# `Image.Segmentation`
[🔗](https://github.com/elixir-image/image_vision/blob/v0.2.0/lib/segmentation.ex#L2)

Image segmentation — which pixels belong to which object?

Two complementary entry points cover different use cases:

* `segment/2` — **promptable segmentation** via SAM 2. Click a
  point or draw a box and get back a precise mask for that object.
  Great for "cut out this foreground" or "mask this product".

* `segment_panoptic/2` — **class-labeled segmentation** via
  DETR-panoptic. Every region in the image gets a class label
  (`person`, `car`, `sky`, `road`…). Great for "what's in this
  image and where?"

## Quick start

    # Mask the object at the centre of the image
    iex> image = Image.open!("photo.jpg")
    iex> %{mask: mask, score: _} = Image.Segmentation.segment(image)

    # Mask the object at a specific point
    iex> %{mask: mask} = Image.Segmentation.segment(image, prompt: {:point, 320, 240})

    # Class-label every region
    iex> segments = Image.Segmentation.segment_panoptic(image)
    iex> Enum.map(segments, & &1.label)
    ["person", "car", "road", "sky"]

## Composing results with an image

    # Make the masked object the only visible content (alpha mask)
    iex> cutout = Image.Segmentation.apply_mask(image, mask)

    # Colour-coded overlay of all segments
    iex> overlay = Image.Segmentation.compose_overlay(image, segments)

## Default models

* **Promptable** — `SharpAI/sam2-hiera-tiny-onnx` (SAM 2 Tiny,
  Apache 2.0, encoder ~128 MB + decoder ~20 MB). Downloaded on
  first call via `ImageVision.ModelCache`.

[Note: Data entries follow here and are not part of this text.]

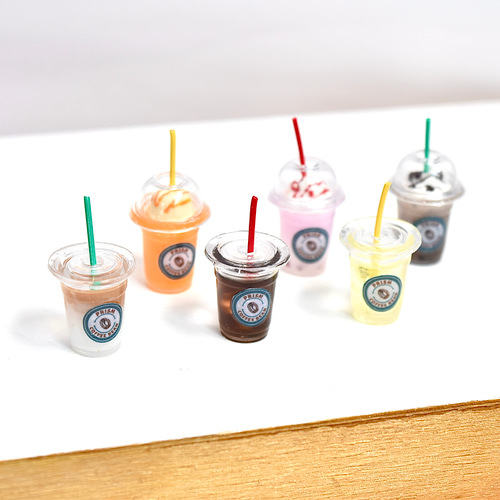 レトロ水彩カフェ＊可愛いロゴ入りテイクアウトアイスカフェラテ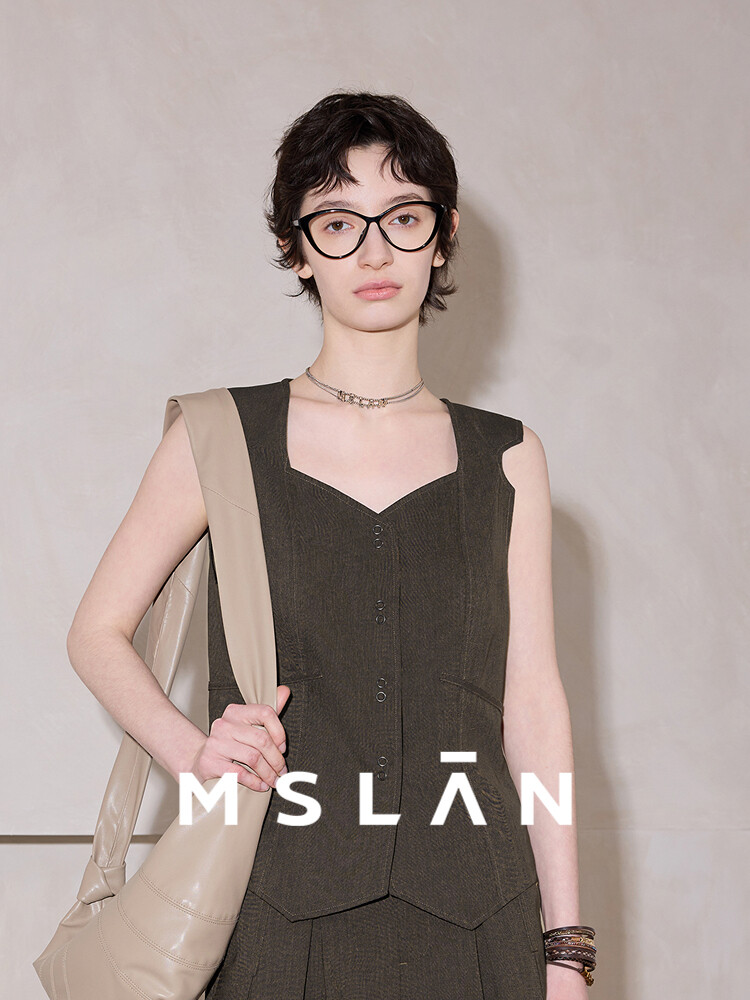 Жилет MSlan с бриллиантовым воротником, коричневый
Жилет MSlan с бриллиантовым воротником, коричневый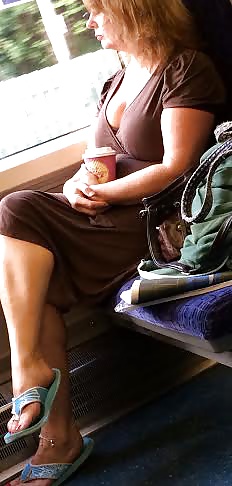 Milf cándida enseñando las tetas y las piernas en el tren
 #31227359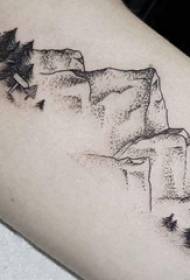 Braccio della scolara sul punto nero della spina della linea semplice pianta il grande albero e l'immagine del tatuaggio della montagna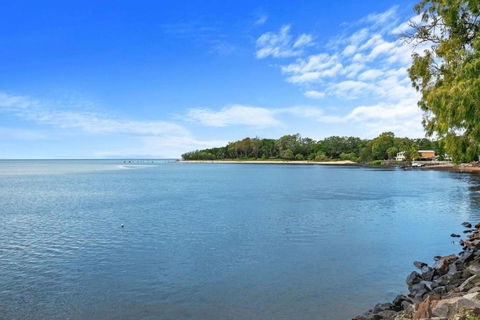 Sandbar On Moreton 5 Bedroom - Surfers Gold Coast 0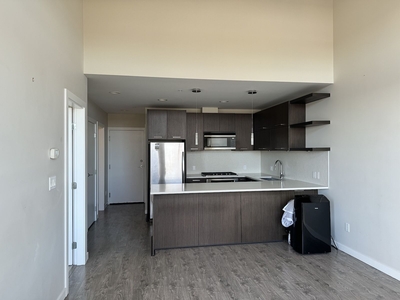 Calgary Condo Unit For Rent | Bridgeland | High Ceiling Penthouse 1 Bedroom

* **Class-labeled** — `Xenova/detr-resnet-50-panoptic` (DETR
  ResNet-50, Apache 2.0, ~172 MB). 250 COCO panoptic classes
  covering everyday things and stuff.

Both can be overridden via options — see `segment/2` and
`segment_panoptic/2` for details.

## Optional dependency

This module is only available when
[Ortex](https://hex.pm/packages/ortex) is configured in your
application's `mix.exs`.

# `mask_result`

```elixir
@type mask_result() :: %{score: float(), mask: Vix.Vips.Image.t()}
```

A mask returned by `segment/2`.

* `:score` — SAM IoU prediction score.
* `:mask` — single-band `t:Vix.Vips.Image.t/0` in original image
  dimensions; white pixels are the segmented object.

# `segment`

```elixir
@type segment() :: %{label: String.t(), score: float(), mask: Vix.Vips.Image.t()}
```

A segmented region returned by `segment_panoptic/2`.

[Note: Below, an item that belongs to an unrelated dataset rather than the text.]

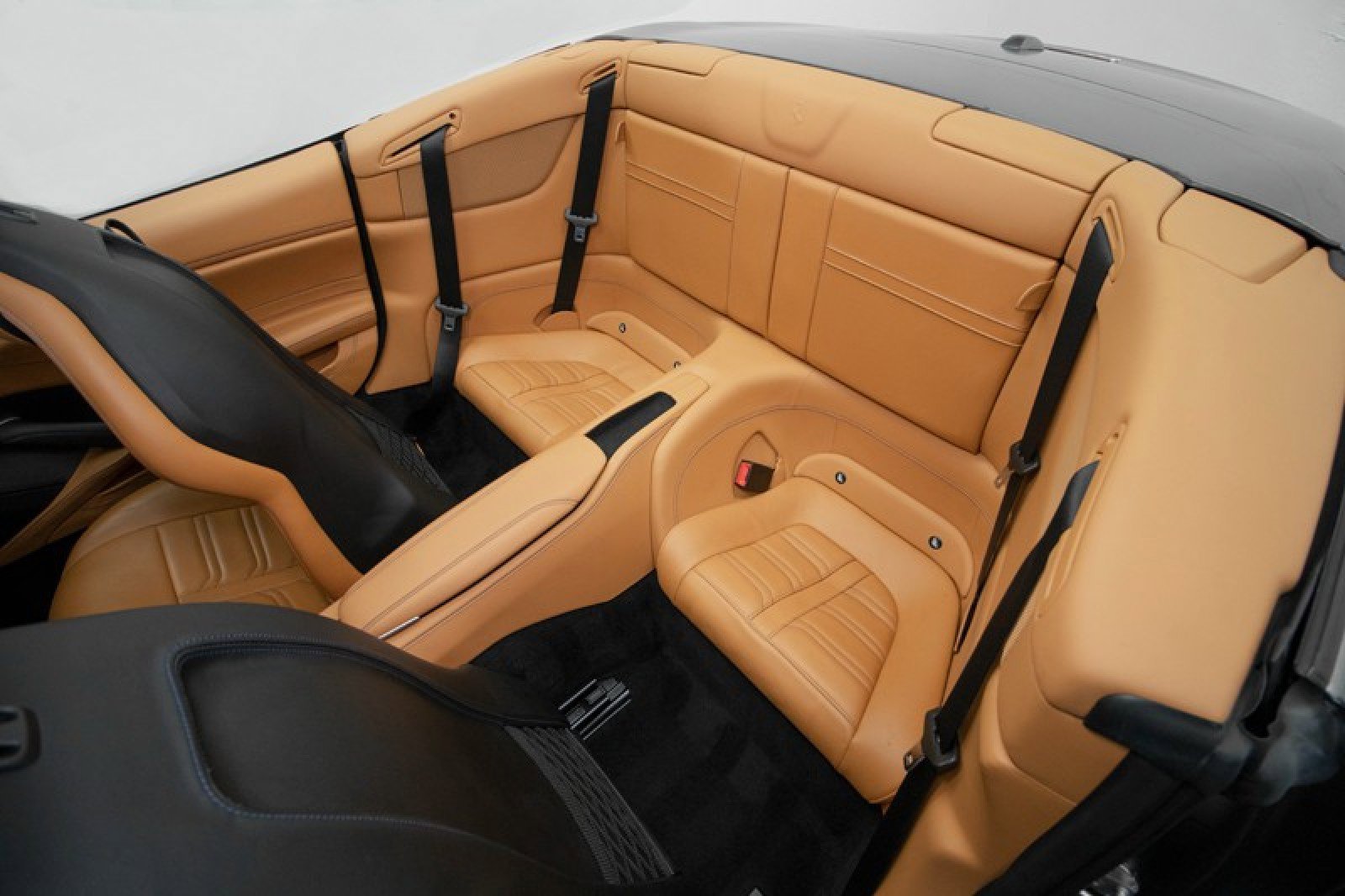 Used 2016 Ferrari California T RWD image 41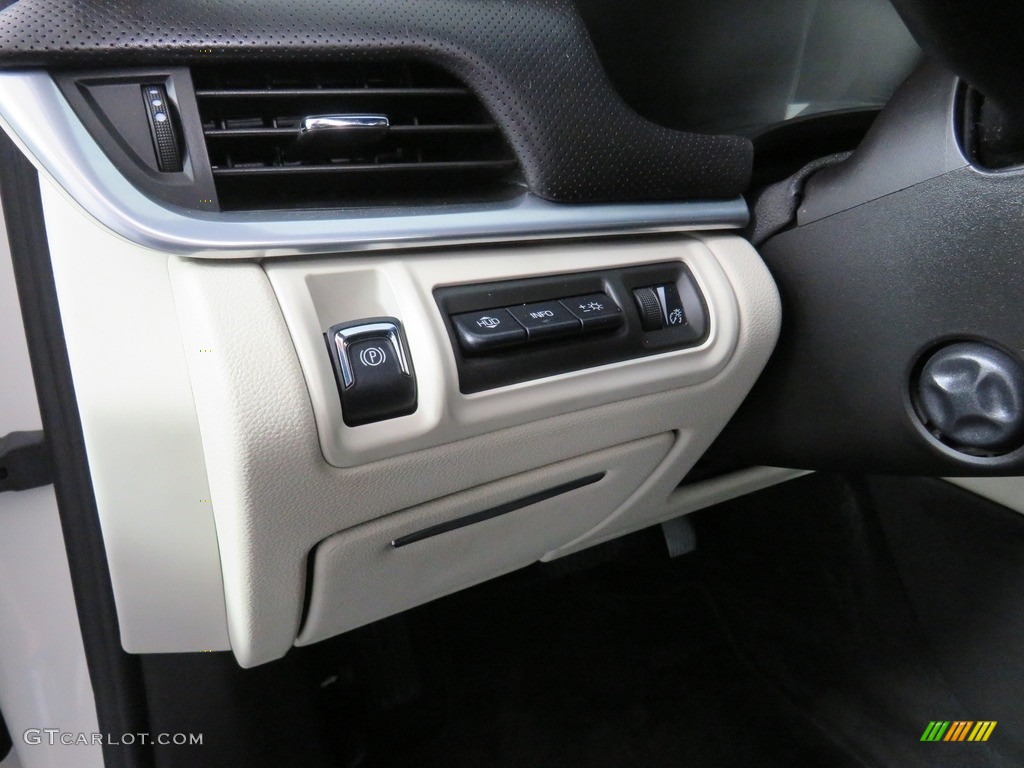 2013 XTS Platinum AWD - White Diamond Tricoat / Jet Black/Light Wheat Opus Full Leather photo #22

* `:label` — COCO panoptic class name, e.g. `"person"` or `"road"`.
* `:score` — confidence score in `[0.0, 1.0]`.
* `:mask` — single-band `t:Vix.Vips.Image.t/0`; white (255) pixels
  belong to this segment, black (0) do not.

# `apply_mask`

```elixir
@spec apply_mask(Vix.Vips.Image.t(), Vix.Vips.Image.t()) ::
  {:ok, Vix.Vips.Image.t()} | {:error, Image.error()}
```

Applies a mask as the alpha channel of an image.

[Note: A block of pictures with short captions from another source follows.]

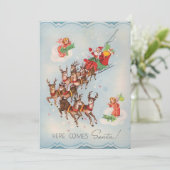 Vintage hier komt kerstkerstmis feestdagenkaart (Staand voorkant)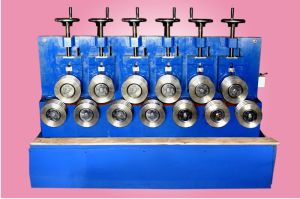 HEAVY TYPE STRAIGHTENING MACHINE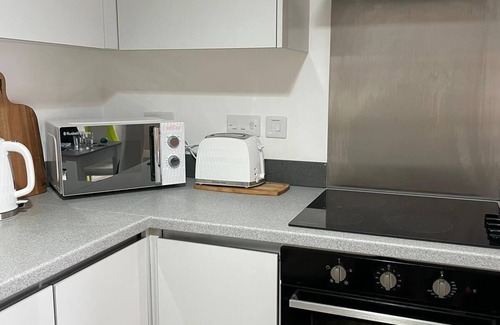 West Bromwich Apartment | Cozy 2 Bedroom Apartment with Parking & Pet-Friendly Perks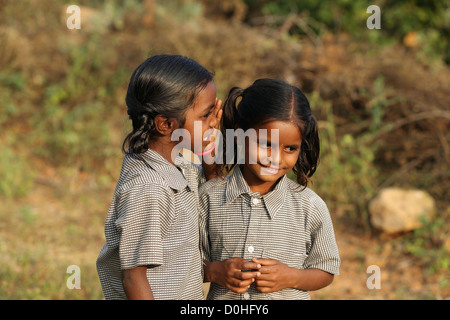 Ragazza indiana il sussurro di un'altra ragazza Andhra Pradesh in India del Sud Foto Stock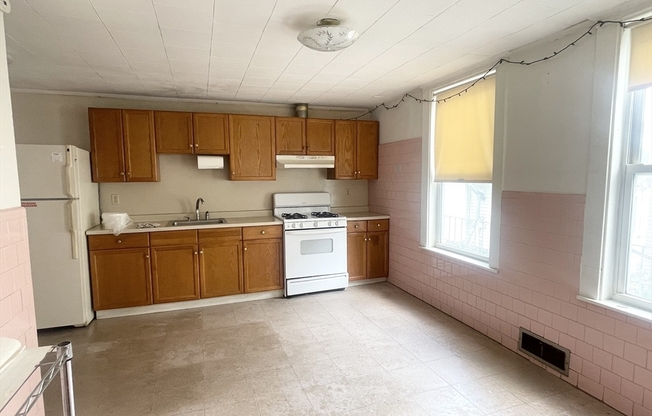 3 beds, 1 bath, $2,400, Unit 1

White pixels in the mask become fully opaque; black pixels become
fully transparent. The result is an RGBA image suitable for
compositing or exporting with transparency.

### Arguments

* `image` is any `t:Vix.Vips.Image.t/0`.

* `mask` is a single-band `t:Vix.Vips.Image.t/0` of the same
  dimensions, such as the `:mask` field of `t:mask_result/0` or
  `t:segment/0`.

### Returns

* `{:ok, image}` — an RGBA `t:Vix.Vips.Image.t/0`, or

* `{:error, reason}`.

### Examples

    iex> image = Image.open!("./test/support/images/puppy.webp")
    iex> %{mask: mask} = Image.Segmentation.segment(image)
    iex> {:ok, cutout} = Image.Segmentation.apply_mask(image, mask)
    iex> Image.bands(cutout)
    4

# `compose_overlay`

```elixir
@spec compose_overlay(Vix.Vips.Image.t(), [segment() | mask_result()], Keyword.t()) ::
  Vix.Vips.Image.t()
```

Overlays colour-coded segment masks on an image.

Each segment gets a distinct colour. Useful for visualising the
output of `segment_panoptic/2`.

### Arguments

* `image` is any `t:Vix.Vips.Image.t/0`.

* `segments` is the list returned by `segment_panoptic/2`, or any
  list of maps with `:mask` and `:label` keys.

* `options` is a keyword list of options.

### Options

* `:alpha` — opacity of the overlay as a float in `[0.0, 1.0]`.
  The default is `0.5`.

### Returns

* The annotated `t:Vix.Vips.Image.t/0`.

### Examples

    iex> image = Image.open!("./test/support/images/puppy.webp")
    iex> segments = Image.Segmentation.segment_panoptic(image)
    iex> overlay = Image.Segmentation.compose_overlay(image, segments)
    iex> match?(%Vix.Vips.Image{}, overlay)
    true

# `segment`

```elixir
@spec segment(Vix.Vips.Image.t(), Keyword.t()) :: mask_result() | [mask_result()]
```

Segments an object in an image using SAM 2.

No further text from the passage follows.